Scientific classification
- Kingdom: Plantae
- Clade: Tracheophytes
- Clade: Angiosperms
- Clade: Eudicots
- Clade: Asterids
- Order: Ericales
- Family: Polemoniaceae
- Genus: Eriastrum
- Species: E. sapphirinum
- Binomial name: Eriastrum sapphirinum (Eastw.) H. Mason

= Eriastrum sapphirinum =

- Genus: Eriastrum
- Species: sapphirinum
- Authority: (Eastw.) H. Mason
- Conservation status: G3

Species of flowering plant

Eriastrum sapphirinum is a species of flowering plant in the phlox family known by the common name sapphire woollystar.

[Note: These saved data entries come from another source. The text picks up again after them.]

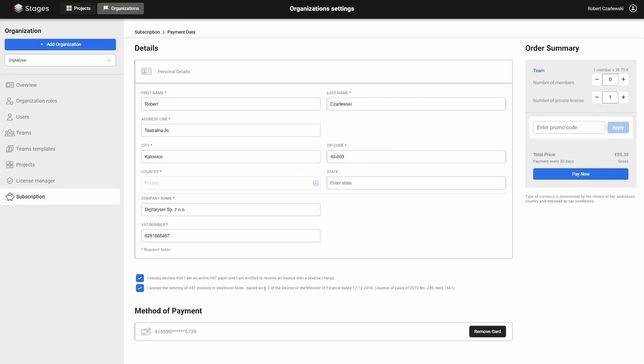Once you've added your credit card, you can proceed with the license purchase. If you have a promo code, enter it in the promo code field.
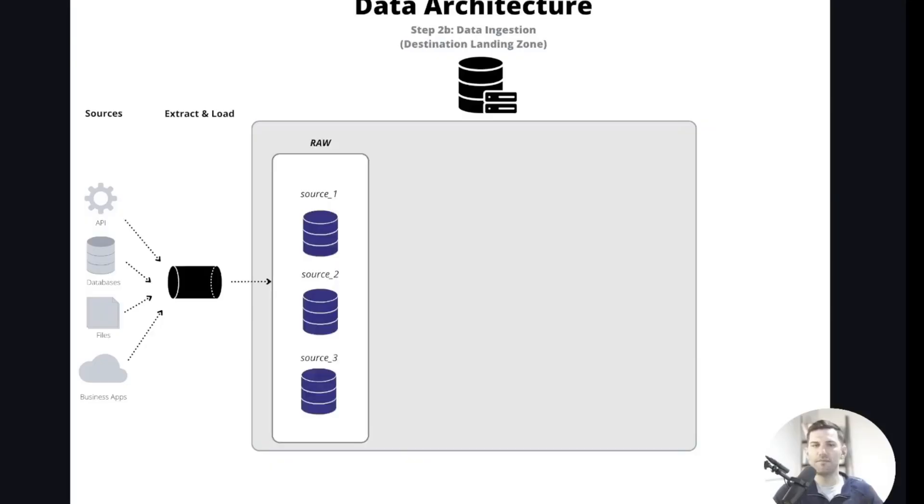When it comes to data engineering, most people prefer to talk about data modeling or automation. But another area that I feel is equally as important and often overlooked is what I like to call the landing zone. The landing zone is where your source data first lands in your database or wherever you're storing your raw data, and it's what's ultimately going to serve as the foundation for the rest of your pipeline.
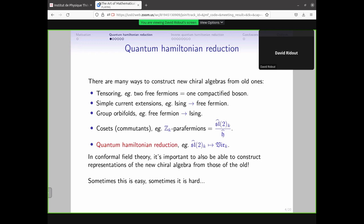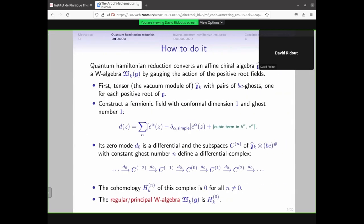The other important point is that it's all well and good constructing new chiral algebras, but it's even more important for physics if you can start with representations of your chiral algebra and construct representations of the new chiral algebra — you want it to work for the representation theory as well. Sometimes this is easy, sometimes this is hard. That's the nature of the beast.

This wildflower is endemic to California where it is found in many habitats throughout the state. It is an annual reaching anywhere from 5 to 40 centimeters in height, forming clumps or singular spindly stems. The stem is erect and may be reddish to green, and has the occasional threadlike leaf with a texture ranging from sparse hairs to a coat of dense wool. The inflorescences at the tips of the stems are packed with pointed, leaflike green to red bracts and funnel-shaped flowers. The corolla of the flower has five lobes each one half to one centimeter long and pale to bright blue. The throat of the flower is the same color or yellowish to white. At the mouth of the tube there may be dots of yellow and white. The light colored stamens protrude.